Search the collections
Edda Azzola, Italian Migrant & Textile Worker, 1955
Image: Bathers - Edda Azzola, Womens', Navy Wool, Italian, 1950s
Source: Museum Victoria
Edda Azzola (nee Pugnetti) was born in 1927 in Pontebba, a village in the north Italian region of Friuli. She was the eldest of four children, with two sisters and a brother. She had a strict father and was very ready to marry Angelo Azzola, a boilermaker/welder from her village on 3 January 1953 and leave home. Angelo's friend and neighbour Giovanni Doratti had left for Australia and was sending money home to his mother, who showed it to the young couple, with pride. Edda had early been attracted to Australia in geography classes at school. She was eager for change and adventure so it was a simple decision to seek new opportunities in Australia with the plan to return if it didn't work out.

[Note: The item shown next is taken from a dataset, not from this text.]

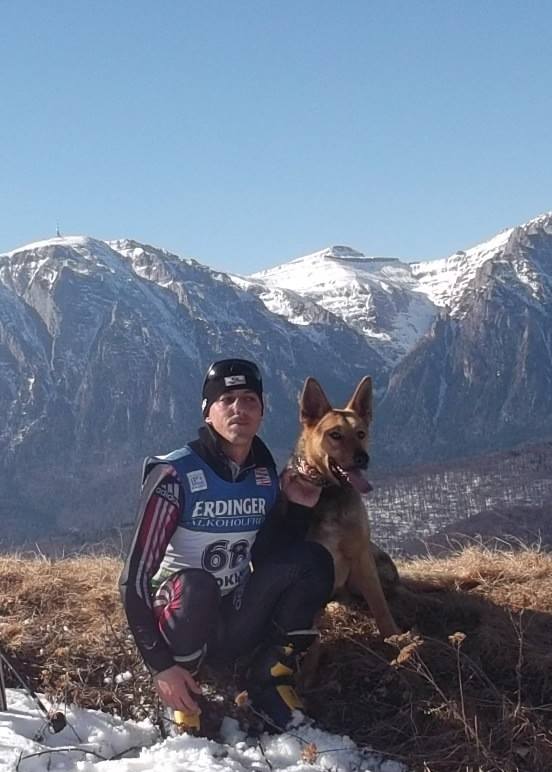 Vanator de munte intr-o unitate de prestiugiu a Armatei Romaniei, in Batalionul 21 Vanatori de Munte, Florin este membru al echipei Invictus Romania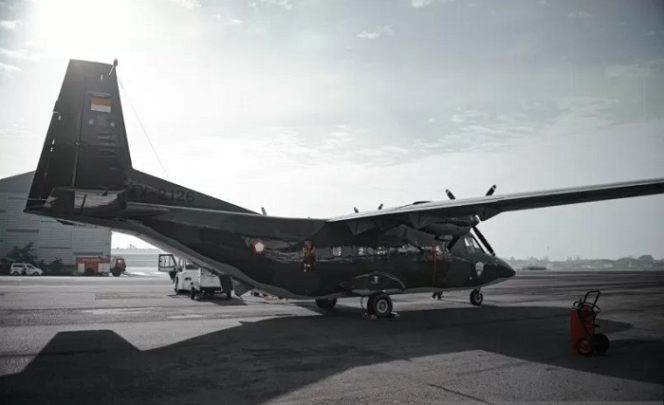 					Pesawat terbang NC212i Troop Transport buatan PT DI yang diserahkan kepada TNI Angkatan Udara. (ANTARA/HO-Humas PT DI)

Angelo migrated first in January 1954 without Edda as she had not been cleared to travel due to illness. She followed in 1955. They both left from Genoa: Angelo on the MV Australia, and Edda on the SS Castel Felice. Angelo travelled via the Suez and Jakarta, Edda via the Suez and Fremantle, arriving at Station Pier, Port Melbourne. Edda really enjoyed the voyage. A number of people from Friuli were on the ship and they became friends. Edda recalls never having seasickness but losing lots of weight during the voyage although she 'ate like a horse.'
Angelo had stayed with his friend Giovanni in Footscray upon arrival. Giovanni had sponsored him and he was the only person in Australia Angelo knew (Giovanni was to return to Italy in 1968 due to family demands and was never able to return, much to his regret). When Edda arrived they boarded in another Footscray house for four-five months. They then moved to North Carlton and Edda got a job at a quiltmaking factory in Collingwood for a few months. However the factory laid off the married women when cuts needed to be made. Meanwhile, Angelo was working at various boiler making jobs and then he and Giovanni headed for the Snowy Mountain Scheme around March 1956 and stayed until December 1957, returning home frequently. He enjoyed the experience and the work resulted in a solid deposit on their first house in Reservoir which they purchased, half built in 1960, and they lived there throughout their lives together. After the factory, Edda worked for a year cleaning lab equipment in the Pathology Department at the University of Melbourne. She then left to give birth to her son Frank in February 1958.
In Italy, Edda and her sisters had had a knitting machine at home where people from the village and surrounds brought in wool to be made into clothes. The income was saved by their mother who used the money to purchase items for their dowries. Edda's dowry included six pairs of double linen sheets which she embroidered, 12 towels and other items. In 1958 in Melbourne, Edda purchased a similar model knitting machine (around two thirds the size of the Italian model) from an Italian girl who had brought it out to Australia from Friuli. She was returning home and couldn't afford to take it with her. Edda felt that this was an income earner worth trying. The sister of the owner of the North Fitzroy house they were renting at the time passed her name on to a man starting up a business who brought sample work to her to see if she could produce it. But his requirements were too demanding.
Edda then made contact with a Polish factory owner, Richard Charlupski, who owned an inner city knitting factory. He wanted to expand his business into more finely finished work. He supplied wool to Edda and other women to produce clothes which were supplied to stores such as Georges, Myer and David Jones under the label 'Ricardo Knitwear'. Edda worked for the factory until it closed in 1974, working on her machine and finishing by hand, making coats, suits, jackets, skirts, dresses, jumpers, vests and cardigans. Her machine was located in a room at the rear of the house, overlooking the back yard. She worked five-six hours a day, depending on demand and deadlines and the work suited her as it allowed her the flexibility of working from home, and organising her labour to suit her domestic needs. By 1974 Edda was earning about $70 a week, demonstrating the meagreness of the wage.
After 1974, Edda used the machine to make clothing for family and friends, including baby clothes for her grandchildren. She and Angelo returned to Italy several times, including once to the bedside of her dying father. Some family members visited the couple but none migrated. Edda and Angelo were foundation and lifelong members of the 'Fogolan Furlan' Italian Club in Thornbury which had started in 1957. It was a club especially for migrants from Friuli. Angelo passed away in 1999.